What was your perspective on Trinity before you ever attended?
I didn’t know anything about it, I didn’t know anything about Trinity. And the school has this weird relationship with Hartford. Trinity didn’t interact with Hartford and Hartford didn’t interact with Trinity. So I entered Trinity as an adult student, and I really enjoyed my time there academically. Trinity is the place where I finally began to expand my worldview. Because I was an idiot when I was eighteen. All the idiot things you could think about the world, I thought when I was an eighteen year old. So all those bad assumptions I had about the world, they were challenged by my time at Trinity. I learned that women have issues. Homosexuals have issues. Immigrants have issues. Everyone has issues. And now I was aware of them, where I wasn’t before. And I felt that if I could move my agenda forward, as a black man, I could move all of their agendas forward, too. We move forward together, to improve the world for everyone. Trinity introduced me to that idea. Trinity also helped my writing. The first paper I submitted at Trinity, provided me comments that said something like, “this is okay, but it didn’t answer the question.” And at first I thought, “how dare you? This is what I do, I write. You don’t tell me if I wrote it right or not.” But after listening to what the professor said, I realized that I didn’t answer the question. So then I went through a revision process on the paper. And that’s what made me take revising seriously. In that class, I ended up getting a B+ and I was very proud of it because I worked and earned that B+. That class, and that professor, influenced the rest of my journey throughout Trinity. Of course, it wasn’t all positive at Trinity. It’s a very white and rich school, and I got a taste of that. I was in the cafeteria one day, and I heard a young lady telling a story about shopping online that she had bought these $600 boots, and she had accidentally clicked the order button three times and ended up being charged $1800. She was laughing about this with her friends, but that amount of money would have ruined me at that time. Never mind the idea of even fathoming buying $600 boots. For what? Why would you need that? But it showed me that people like this actually exist. There was good, and there was bad. I knew that there would be people who would be far richer than I could ever be, and that’s just the way that they were born. That’s what it is.

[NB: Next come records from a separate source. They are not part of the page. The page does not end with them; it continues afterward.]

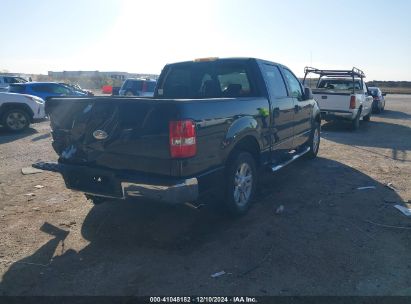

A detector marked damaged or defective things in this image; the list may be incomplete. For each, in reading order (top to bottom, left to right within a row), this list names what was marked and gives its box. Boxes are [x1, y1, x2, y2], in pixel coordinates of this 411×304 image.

damaged rear bumper [32, 162, 200, 204] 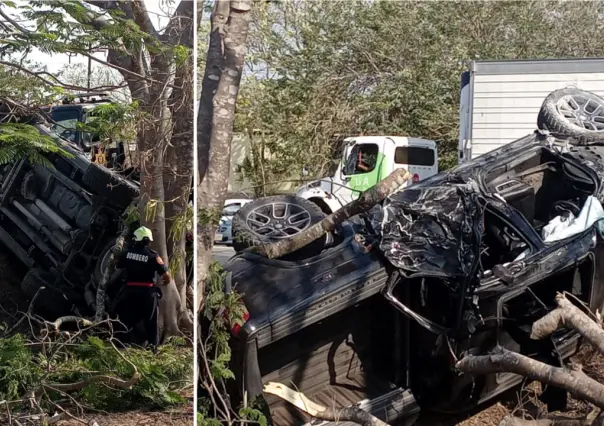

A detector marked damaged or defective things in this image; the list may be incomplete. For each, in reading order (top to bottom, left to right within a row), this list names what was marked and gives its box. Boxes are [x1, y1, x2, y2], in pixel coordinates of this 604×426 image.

wrecked black suv [1, 121, 138, 314]
overturned black suv [221, 88, 604, 424]
wrecked black suv [222, 88, 604, 424]
overturned vehicle chassis [224, 132, 604, 422]
crumpled metal panel [380, 181, 484, 278]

Has that experience at Trinity influenced how you operate since you’ve left?
In a way, yes, it has. In the sense that, you know, all those people, all those kids some day, they’re gonna be my boss. They’re gonna be everyone's boss. It gave a little bit of insight to their mindset, their thought process. I had an experience at Trinity…and there’s a lot of racist stuff that happens at Trinity. So, it was our senior dinner for the American Studies Major, and so, at this point, we were talking about who had won the department awards. We had an award for the best thesis, and award for the best project. And a project at Trinity is basically just a single semester thesis. The thesis is two semesters, the project is one semester. So one person wrote a thesis in our department that person obviously won the thesis award. The rest of us had done projects so we were trying to figure out who had won the project award for that semester, right?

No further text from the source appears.